Before Rip’s sleep, the village had a “busy, bustling, disputatious tone about it, instead of the accustomed phlegm and drowsy tranquillity.” Rip returns when an election is taking place, and villagers want to know for whom he is voting. The town’s former tranquillity has been usurped by the new politics. Rip eventually comes to grip with these changes, even if he does not quite understand them. He even takes his place as a patriarch of the village on the bench. He settles into place and his new role, much like the new country he encounters.
Village inn. Besides moving the plot along, the changes in the village after Rip’s sleep also provide a pointed look at the changes in the new republic. Before Rip’s twenty year absence, the center of town was an old inn sporting a portrait of England’s King George III. On a bench in front of the inn, the elders and idle of the village would gather and discuss events.
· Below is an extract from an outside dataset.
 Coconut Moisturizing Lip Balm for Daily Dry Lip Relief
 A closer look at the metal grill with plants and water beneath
The innkeeper, Nicholas Vedder, presided over the gatherings and let his feelings on the discussions be known by how he smoked his pipe. Outside the inn stood a great tree that shaded the building. When Rip returns, the inn has changed, and definitely for the worse. Its great tree is gone, replaced by “a tall naked pole” from which hangs a strange flag. The old inn itself has been replaced by a “large rickety wooded building . . . with great gaping windows, some of them broken and mended with old hats and petticoats.” It is no longer the old country inn, but the Union Hotel. King George’s portrait has been painted over with one of George Washington.
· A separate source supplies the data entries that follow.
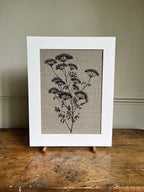 ANTHRISCUS SYLVESTRIS BOTANICAL STUDY A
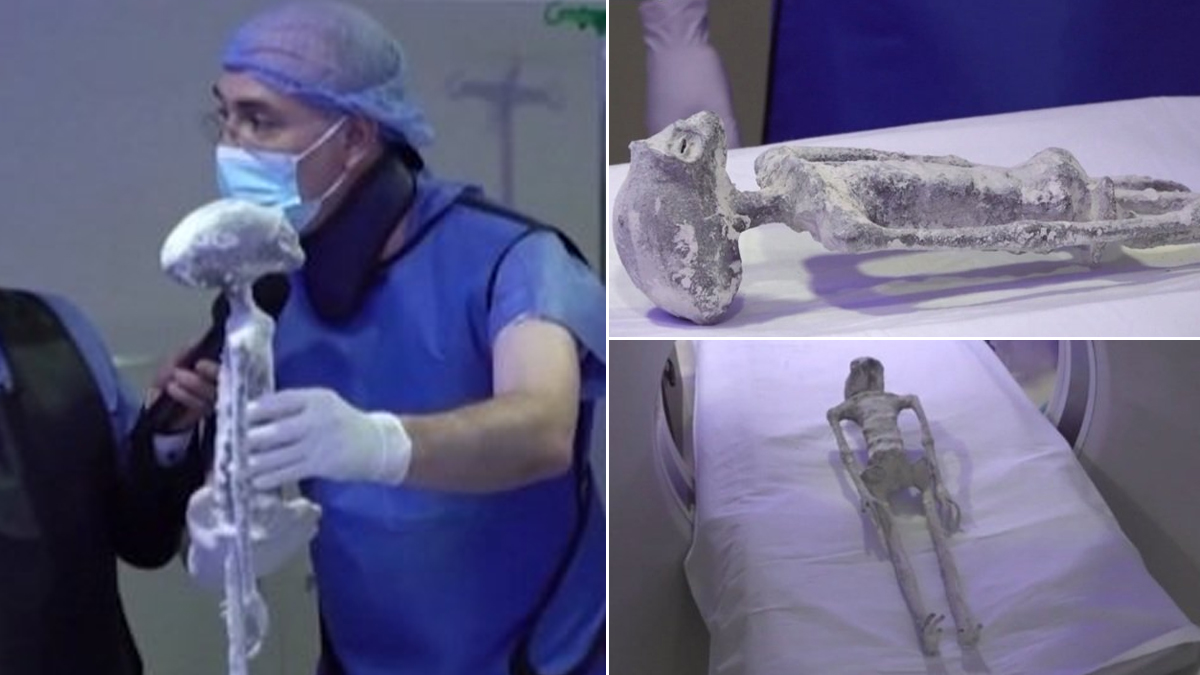 Mexico Alien Dead Bodies: மெக்சிகோ அரசு காட்சிப்படுத்திய ஏலியன் உடல்கள் உண்மையா? : வெளியான பரிசோதனை முடிவுகள்.!
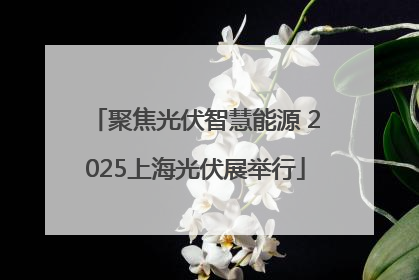 聚焦光伏智慧能源 2025上海光伏展举行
*Kaatskill (Catskill) Mountains. New York range bordering the village. From the beginning of the story, Irving describes the beauty of the mountains and gives them a magical air as he describes them as “fairy mountains.” Rip goes up on a mountain to hunt and avoid his nagging wife. The mountain is also the home of the somber Henrik Hudson and his men who play at ninepins. In a hidden amphitheater, the strange little men drink wine and play their game. Rip also helps himself to the wine which leads to his twenty-year sleep. He awakens outside the amphitheater only to find the scenery changed. The use of the Catskills, a chain familiar to American readers of Irving’s time, helped to Americanize the German folktale.